End the first session with one workspace, one keyword list, a focused view, and a shortlist that your team can review or export.

Start small

Add or import a limited keyword set first. Learn how lists, tags, filters, columns, and metrics behave before importing a large file.

Keep spending deliberate

Check Data Health and balance before refreshing large keyword sets, SERPs, competitor data, or recurring tracking.

What you should have after 30 minutes

  • One organization with the right team members
  • One workspace for a client, brand, market, or business unit
  • A small keyword set added manually or imported
  • One named list for the first campaign or topic area
  • A saved view with useful filters and columns
  • A basic understanding of Volume, KD, CPC, Data Health, SERP Dynamics, and Visibility Index
  • One export or tracking candidate list
1
Create or choose the workspace that should own the keyword data.
2
Add a small keyword set manually or import a clean file.
3
Create a list for the first campaign, topic, market, or review scope.
4
Use List view to inspect Volume, KD, CPC, Data Health, SERP Dynamics, and Visibility Index.
5
Apply filters and columns, then save a preset if the setup will be reused.
6
Export the shortlist or create a tracking list only after the scope is clear.

1. Create the workspace

The workspace is the boundary for keyword inventory, lists, tags, tracking, exports, and team access. Most teams create one workspace per client, brand, market, or business unit.

Use a name that people can recognize later. If two keyword sets should not share lists, tags, team access, or reporting context, they should usually live in separate workspaces.

2. Add or import keywords

Start with a limited keyword set. Use manual add for small batches and import for larger files. Keep one keyword per line or row. Remove notes, full article titles, duplicate phrasing, and unrelated markets before import.

Good first imports are narrow:

  • One product category
  • One market or language
  • One campaign shortlist
  • One competitor topic area
  • One existing spreadsheet that needs cleanup

3. Create a first list

Lists make the keyword set operational. Create a list for the first area your team will actually review, such as "CRM DACH quick wins", "Q3 tracking candidates", or "Product pages refresh".

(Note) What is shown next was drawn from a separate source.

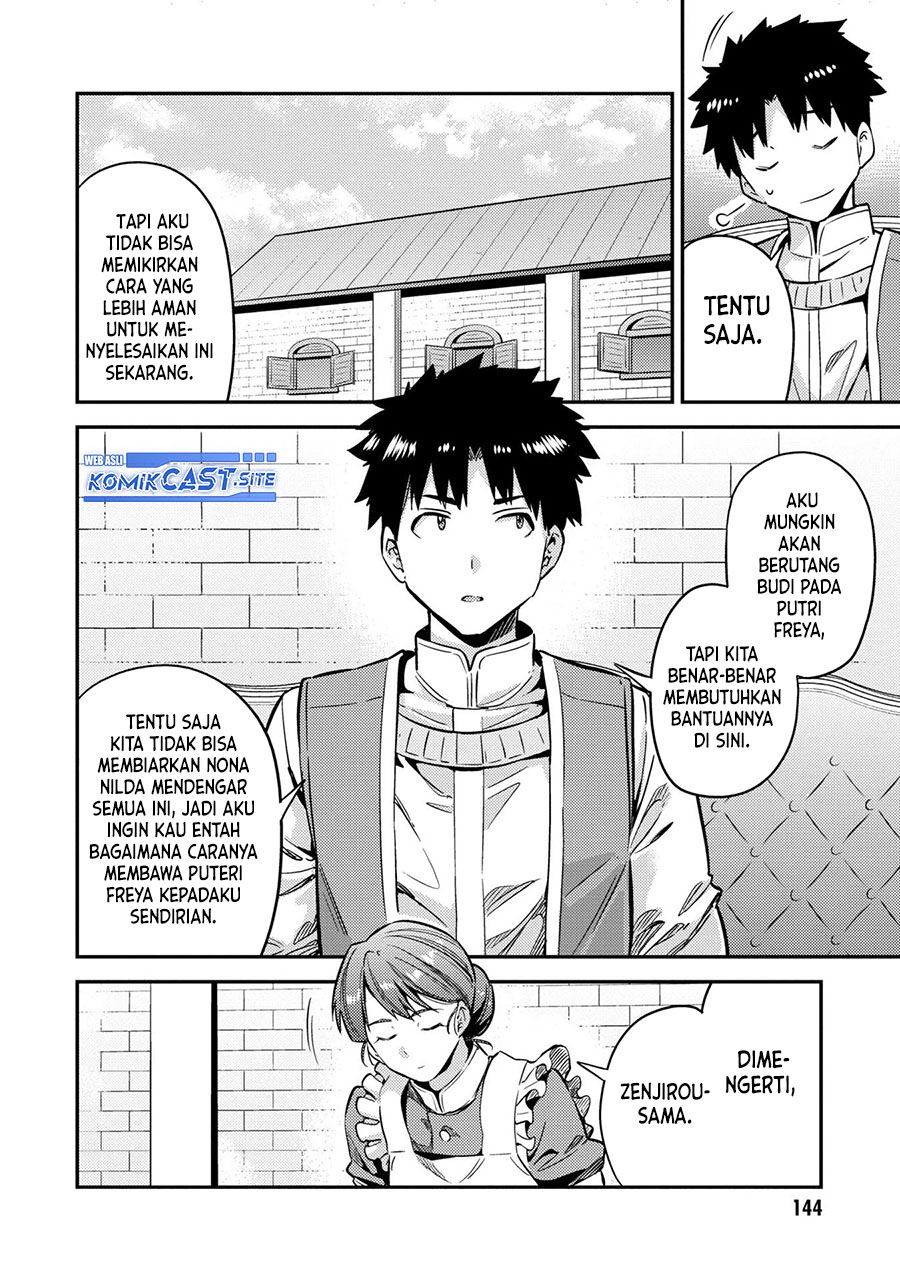 Risou no Himo Seikatsu Chapter 40 - Halaman 21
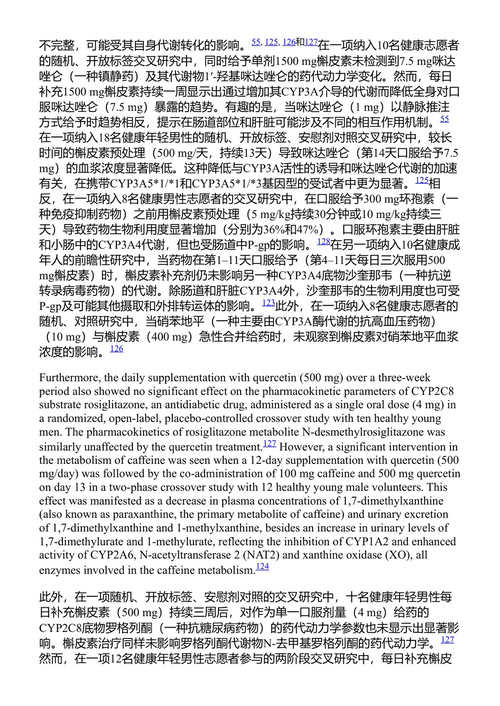 类黄酮：促进健康与福祉的补充剂 卡特琳·萨克 (中英对照电子书)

Use a manual list when membership should be controlled by a person. Use a smart list when membership should follow rules such as low KD, commercial intent, or missing fresh data.

4. Read the KPI strip

The top KPI strip gives a quick summary of the current scope:

  • Keywords: how many rows are in the active scope
  • Volume: estimated total or average search demand
  • Average KD: how hard the set may be organically
  • Average CPC: paid-search value signal
  • Opportunities: rows that look promising by heuristic
  • Data Health: whether the data is fresh and complete enough
  • SERP Dynamics: how much the search results move
  • Visibility Index: estimated own-domain visibility for the scope

Use these as orientation, not final answers. Open the Metrics guide before using them for client reporting or prioritization.

5. Filter and save a useful view

Apply filters to reduce noise. A useful first view might combine intent, volume, KD, Data Health, and status. Then choose columns that match the decision.

Save a preset when the same setup will be reused. Presets are for table setup; lists are for keyword membership.

6. Export or track the shortlist

Export when someone outside the app needs the data. Track when your team wants rank and visibility movement over time. Both actions should start from a clear scope.